SOURCE DATA -
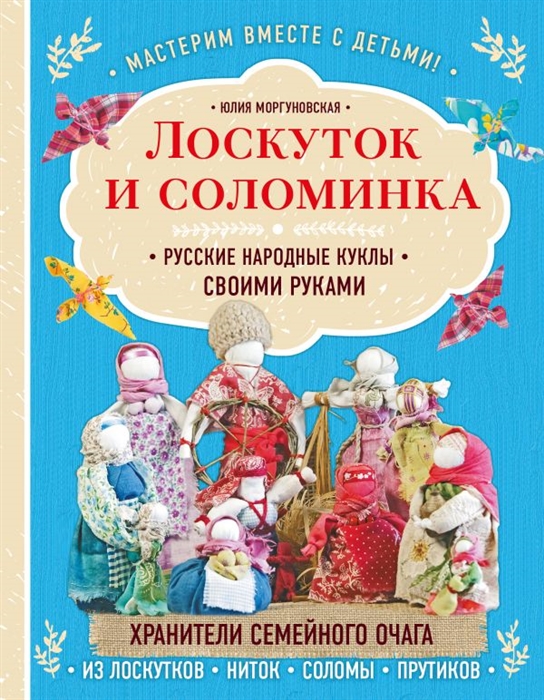 

Лоскуток и соломинка Русские народные куклы своими руками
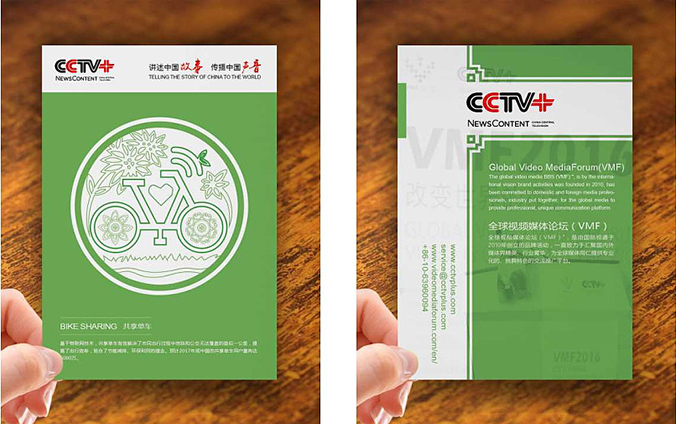 CCTV+  包裝盒設計  產(chǎn)品包裝設計  外包裝設計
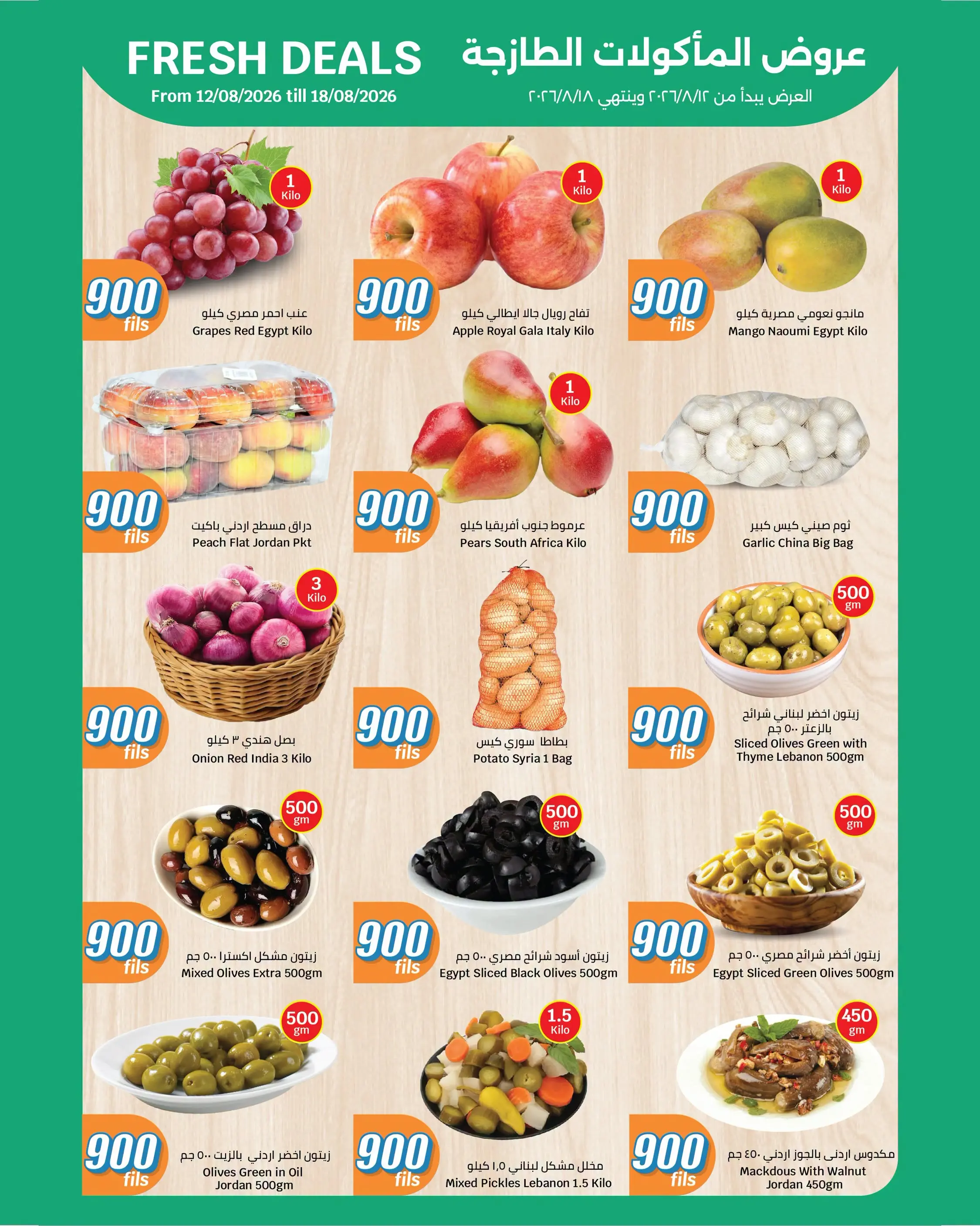City Hyper Kuwait offers from 12 to 18 August 2026 900fils offers - City Hyper - Kuwait - 12 August 2026 – 18 August 2026 - Page 2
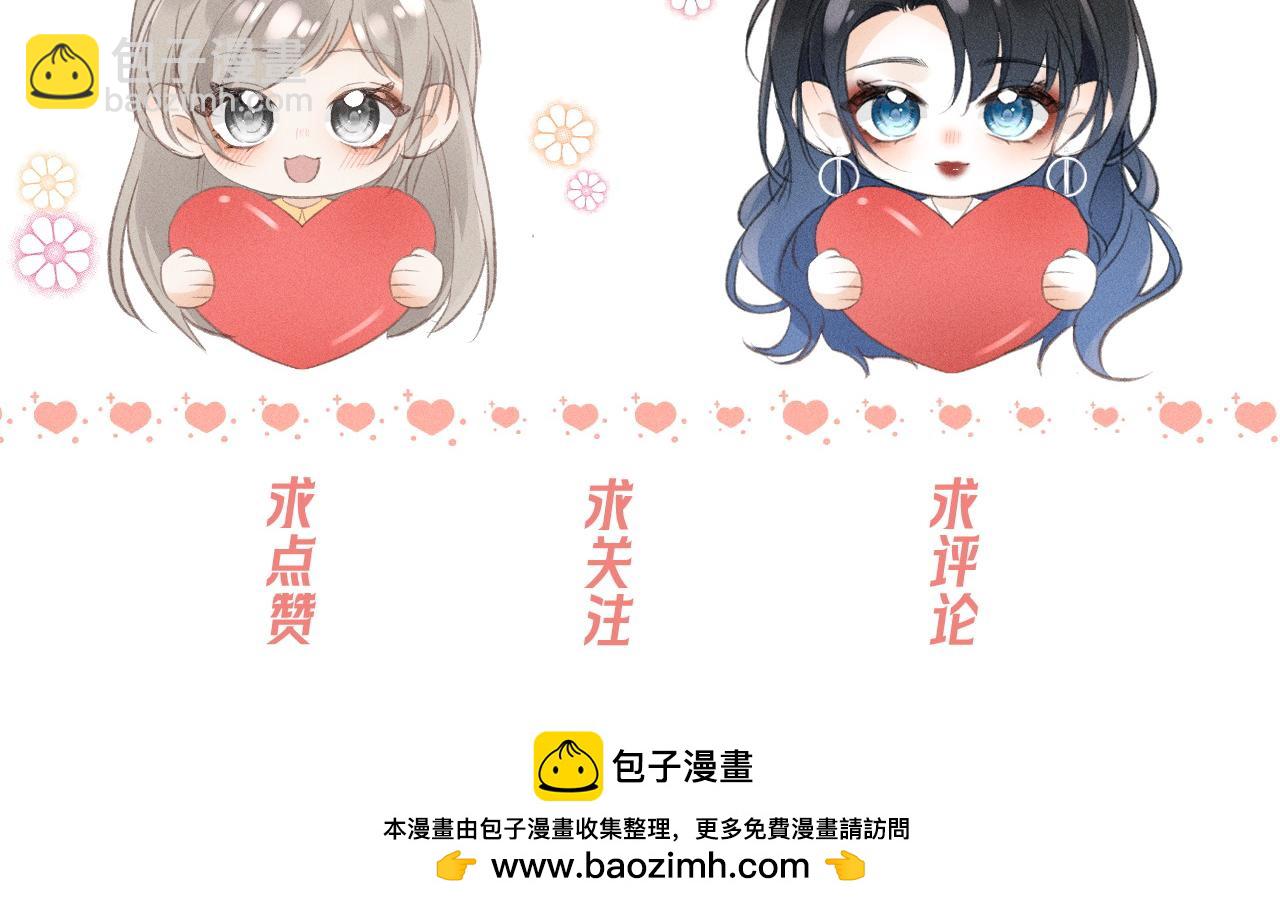 第9话 亲自♀调教82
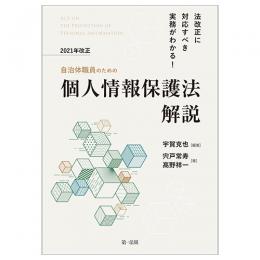 法改正に対応すべき実務がわかる！自治体職員のための２０２１年改正個人情報保護法解説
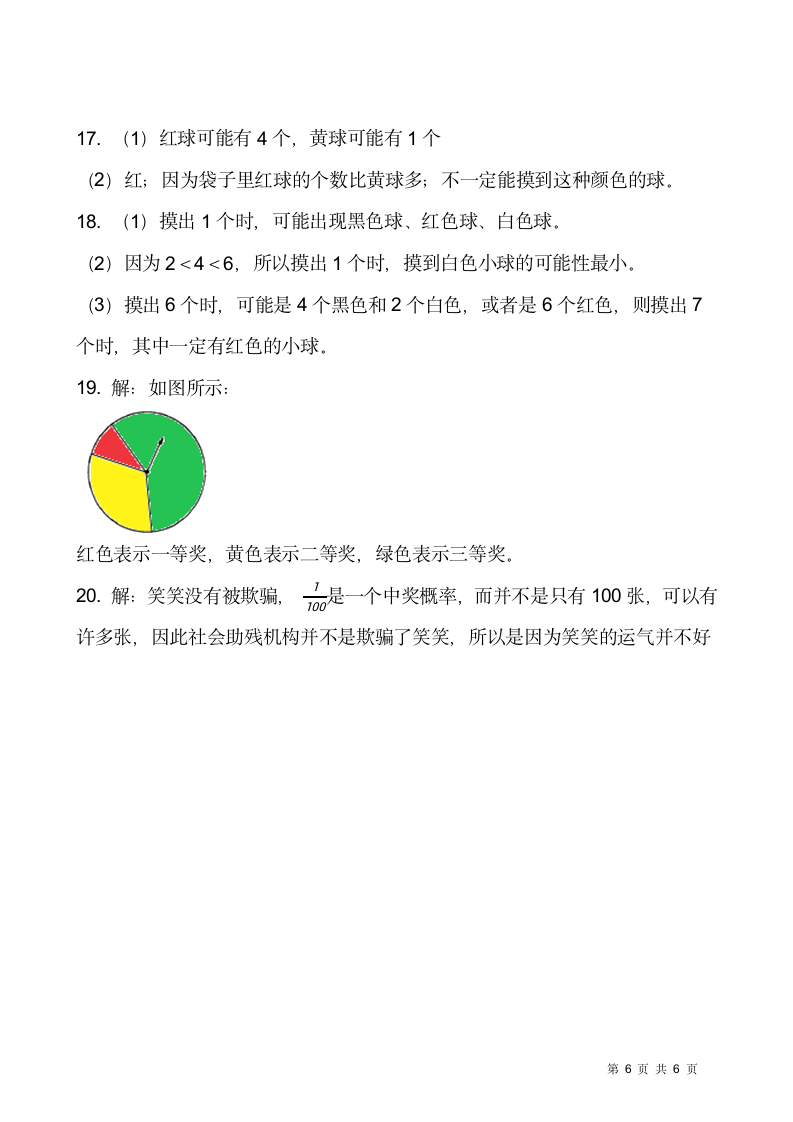 2021-2022学年数学四年级上册一课一练8.2《摸球游戏》北师大版含答案.doc第6页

YOUR INSTRUCTIONS -
Every entry must be transcribed exactly. Pictures do not belong in the copy.

ANSWER BOX -
Лоскуток и соломинка Русские народные куклы своими руками
 CCTV+  包裝盒設計  產(chǎn)品包裝設計  外包裝設計
City Hyper Kuwait offers from 12 to 18 August 2026 900fils offers - City Hyper - Kuwait - 12 August 2026 – 18 August 2026 - Page 2
 第9话 亲自♀调教82
 法改正に対応すべき実務がわかる！自治体職員のための２０２１年改正個人情報保護法解説
 2021-2022学年数学四年级上册一课一练8.2《摸球游戏》北师大版含答案.doc第6页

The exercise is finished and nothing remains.